As it turns out, the power is still with the people.
Just days after the Town Crier looked into complaints from multiple residents about unkempt landscaping in front of the United States Postal Service building on Miramonte Avenue in Los Altos, the weeds disappeared.
A week ago, Postmaster Anli Zhao said a maintenance worker in charge of landscaping the area had been off for a few weeks but was back that morning to start cleaning up the property. Zhao also noted that there had been a budget discrepancy, but that post office staff was working to rectify it.
Mike Mansch, one of the post office customers who complained about the weeds near the entrance, said he was told that no one at the post office was allowed to do the landscaping themselves.
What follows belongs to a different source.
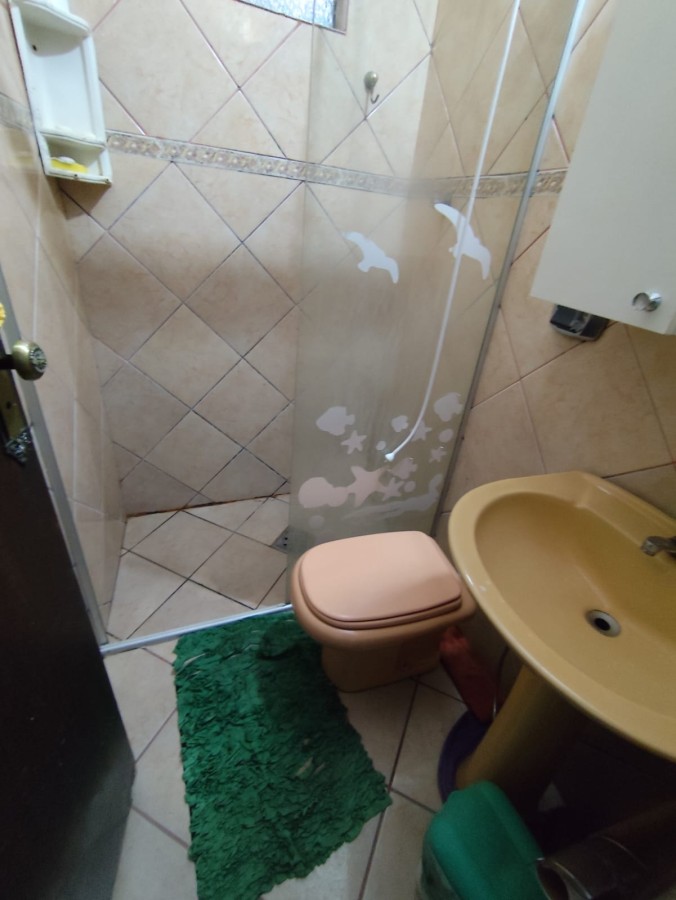 Casa à venda com 9 quartos, 300m² - Foto 12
Mansch, who owns Alotta’s Deli in south Los Altos, added that when he mentioned the weeds to a postal worker a few years ago, that person hadn’t even noticed.
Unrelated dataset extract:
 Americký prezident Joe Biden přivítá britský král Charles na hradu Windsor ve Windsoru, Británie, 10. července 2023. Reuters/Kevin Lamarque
“No excuse in a $3 million neighborhood to have this,” Mansch said in an email with images he took of the office’s exterior June 11. “If the post office would allow it, we could get volunteers to clean this up.”
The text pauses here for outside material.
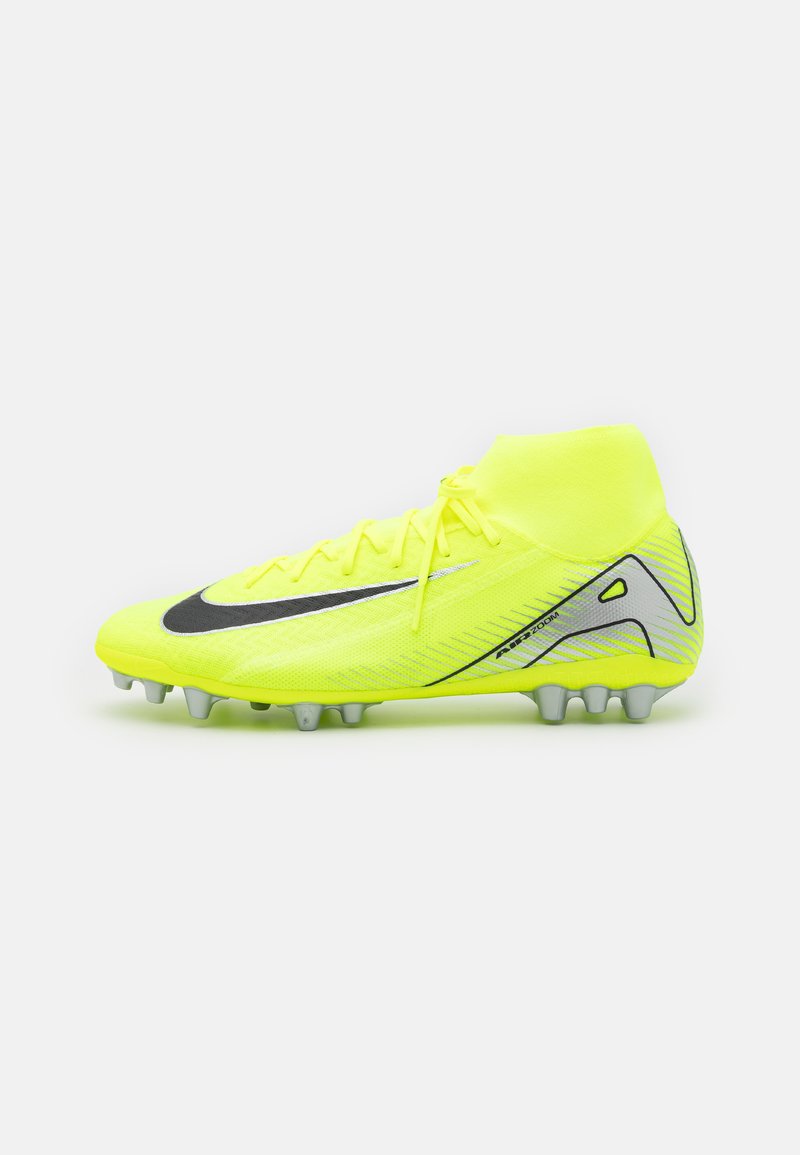 Crampons de football jaune néon avec un col de cheville ajusté, dessus texturé, swoosh noir et accents argentés. Équipés de plusieurs crampons coniques pour une traction optimale.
Resident Ed Miller spoke of the “eyesore” in a Letter to the Editor in the Town Crier’s June 13 issue, writing that weeds at the post office at Loyola Corners had not been improved because Zhao was “aware of the problem” but indicated help couldn’t be accepted due to “liability issues.”
Miller said he had talked to Zhao on the phone and stressed that he would assemble a team himself if that were necessary because he felt there should never be brown, “unsightly looking” weeds in front of a public building.
“That’s our property,” he said later in a phone call. “It should be well-maintained.”
Miller added that there were also shrubs that had been planted near the building, but that they were in their “last stages,” and he did not expect gardeners to be able to revive them.
Mansch said many of the design elements around the post office had not changed since it was opened, including the paint he noted is peeling off the building.
The Cupertino resident commended the office for replacing its old flag shortly after the building was built. He described the flag as “ratty” and offered to have his Rotary Club or the Boy Scouts dispose of it in the honorable, correct way. Post office staff refused his offer of help, but they did order a new one in a timely manner.
Because the postal service is a federal agency, the Town Crier reached out to U.S. Rep. Anna Eshoo’s office to get her perspective on the problem, but she was not available for comment.